BEGIN Data in this exercise

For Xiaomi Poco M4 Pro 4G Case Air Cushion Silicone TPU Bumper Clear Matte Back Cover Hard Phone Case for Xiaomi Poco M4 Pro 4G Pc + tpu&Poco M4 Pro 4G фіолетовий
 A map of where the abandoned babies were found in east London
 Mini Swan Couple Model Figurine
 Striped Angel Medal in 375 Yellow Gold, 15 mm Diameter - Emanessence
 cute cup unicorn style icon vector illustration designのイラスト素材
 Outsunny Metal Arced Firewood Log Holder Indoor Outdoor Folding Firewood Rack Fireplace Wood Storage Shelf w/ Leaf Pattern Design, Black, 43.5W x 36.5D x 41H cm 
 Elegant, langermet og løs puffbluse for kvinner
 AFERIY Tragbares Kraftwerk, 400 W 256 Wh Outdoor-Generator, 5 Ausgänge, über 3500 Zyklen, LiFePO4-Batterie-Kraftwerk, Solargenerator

END Data in this exercise

> [What is being asked]
Repeat only the lines from the one holding "Elegant, langermet og" through the last line of the data.

> [Response]
 Elegant, langermet og løs puffbluse for kvinner
 AFERIY Tragbares Kraftwerk, 400 W 256 Wh Outdoor-Generator, 5 Ausgänge, über 3500 Zyklen, LiFePO4-Batterie-Kraftwerk, Solargenerator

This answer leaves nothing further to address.